A lot of people think Boardwalk Empire is the best show on TV, which is a totally valid opinion. But I’m not really connecting with it. I like Mad Men, Breaking Bad, Sherlock, Downton Abbey and many other dramas much more. So I’m done for now.
What about you guys? Any of you giving up Boardwalk Empire this season? Or do you still love it?


NOOOOOOO! I feel completely vice versa about Downton and BE. I refuse to get tricked into taking Downton back after I’ve finally broken up with her after last year’s dreadful season.
Empire has always been a slow burn and I love that it’s like a chess game….a lot of pawns have to be put in place in order to get to the thick of the action.
I liked last season! To each his/her own I guess! It’s not like I think Boardwalk is terrible, I just watch so much TV that I don’t have time for something that feels like work to watch.

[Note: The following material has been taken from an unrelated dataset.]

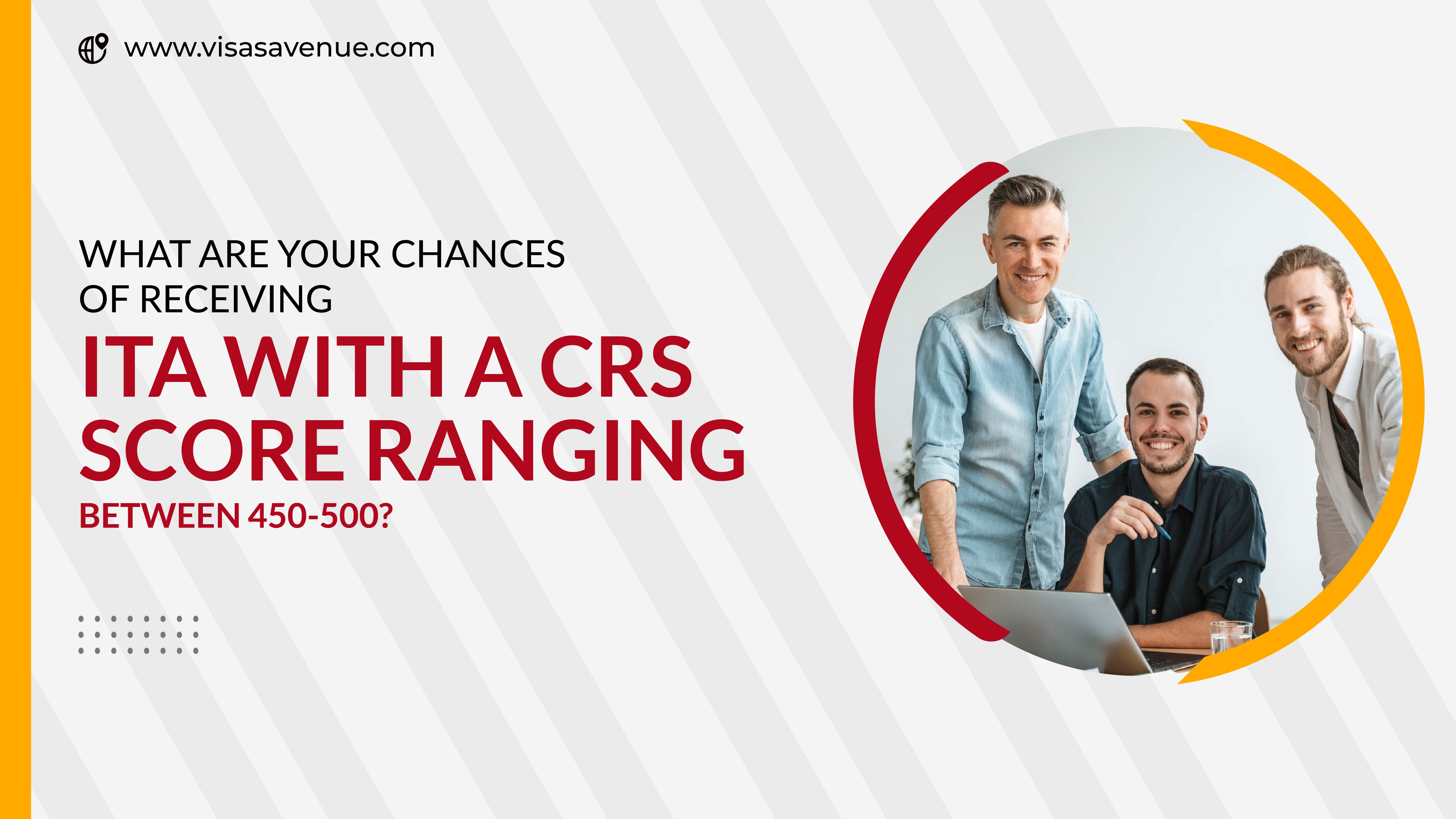 What are your chances of receiving ITA with a CRS score ranging between 450-500?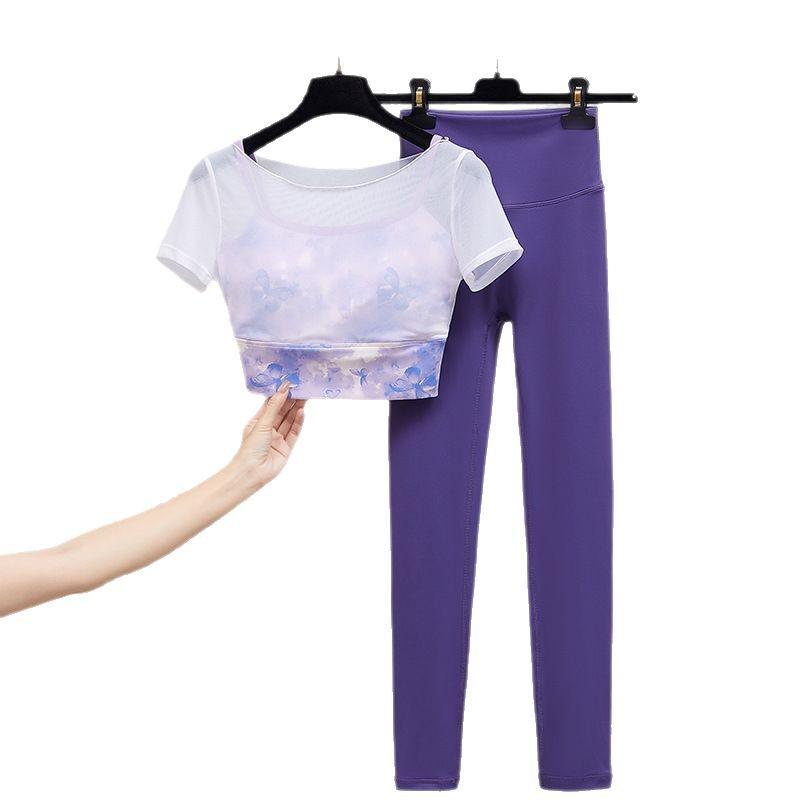 Spring/Summer Retro Chinese Style Mesh Layered Yoga Tank Top for Women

Jill, I feel much of the same way you do and we’ve talked before about too many characters. I think the thing about BE is that each scene is perfect in every sense, the acting is great (even from characters I don’t give a crap about), the costumes and sets are magnificent as is the cinematography. It has everything which makes ‘the best show on tv’ but somehow it fails. I thought about this a lot after watching the premiere about why it is that I am not magnetized by this show.
Too many characters indeed, and now they introduced a new guy who I guess will become Nucky’s rival in this season. The characters I care about are the same as yours: Nucky, Margaret, Chalky, John Harrow, Gillian. They need to reduce the rest to a manageable amount so they can be serviced and adequately placed in the narrative. Yes, we know he is in bed with politicians, smugglers, gangsters, but do they all need to be developed and given so much screen time?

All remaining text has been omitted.